● Problem requirements: Restate word for word the lines in the listing below, starting at the line containing "Single Family Residence" and ending at the line containing "2024 Chrysler Pacifica", both included; leave out the rest.

● Records shown:
━━━━━━━━━━━━━━━━━━━━━━━━━━━━━━
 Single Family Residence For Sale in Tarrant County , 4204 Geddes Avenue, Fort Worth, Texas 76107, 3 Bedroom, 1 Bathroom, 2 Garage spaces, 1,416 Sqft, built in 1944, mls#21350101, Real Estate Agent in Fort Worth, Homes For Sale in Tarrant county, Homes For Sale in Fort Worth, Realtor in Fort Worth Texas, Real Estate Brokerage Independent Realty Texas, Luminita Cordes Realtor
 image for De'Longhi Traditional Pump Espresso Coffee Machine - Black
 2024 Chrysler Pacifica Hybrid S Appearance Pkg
━━━━━━━━━━━━━━━━━━━━━━━━━━━━━━
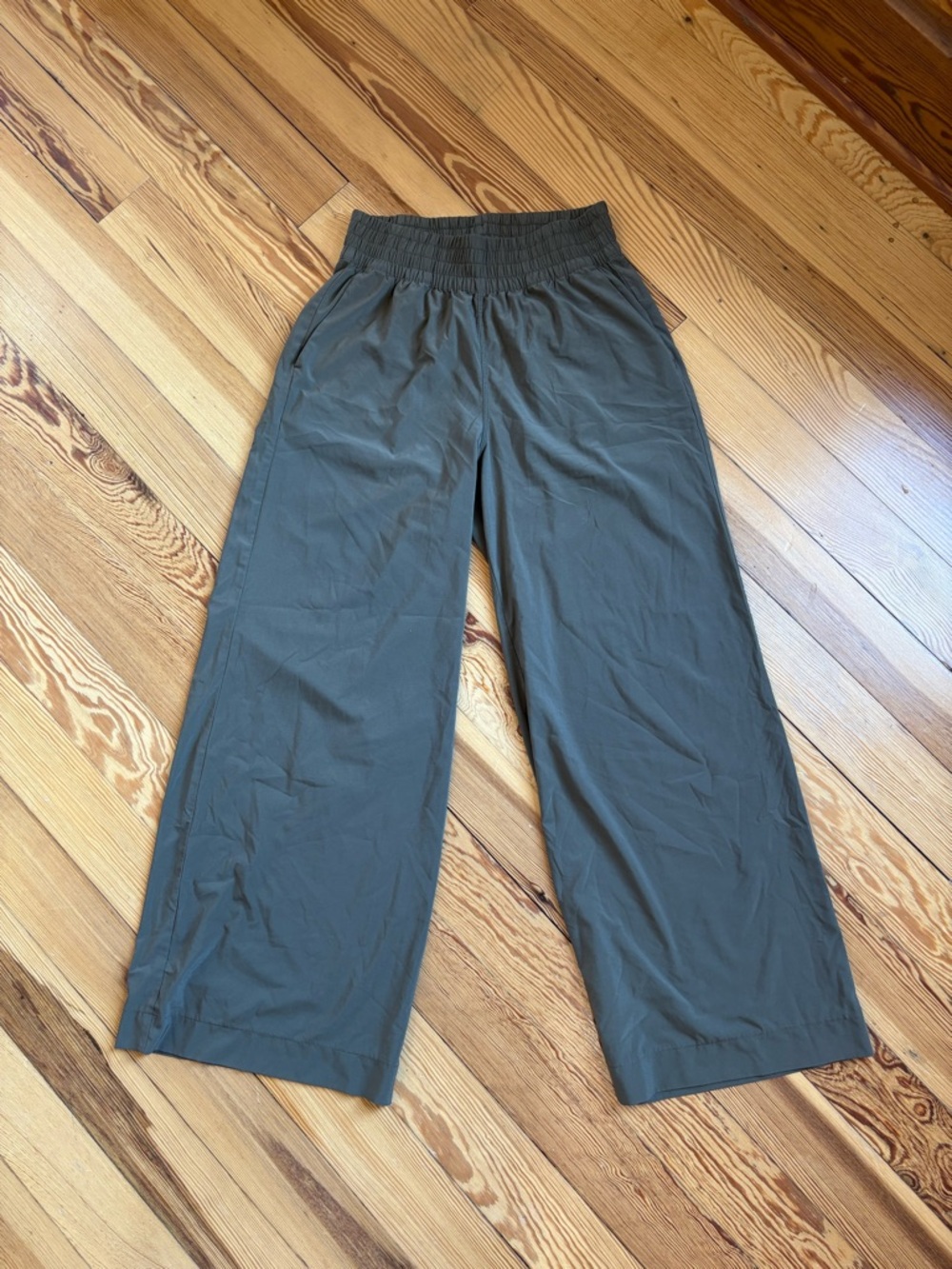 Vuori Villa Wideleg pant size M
━━━━━━━━━━━━━━━━━━━━━━━━━━━━━━
● Solution for this problem:
 Single Family Residence For Sale in Tarrant County , 4204 Geddes Avenue, Fort Worth, Texas 76107, 3 Bedroom, 1 Bathroom, 2 Garage spaces, 1,416 Sqft, built in 1944, mls#21350101, Real Estate Agent in Fort Worth, Homes For Sale in Tarrant county, Homes For Sale in Fort Worth, Realtor in Fort Worth Texas, Real Estate Brokerage Independent Realty Texas, Luminita Cordes Realtor
 image for De'Longhi Traditional Pump Espresso Coffee Machine - Black
 2024 Chrysler Pacifica Hybrid S Appearance Pkg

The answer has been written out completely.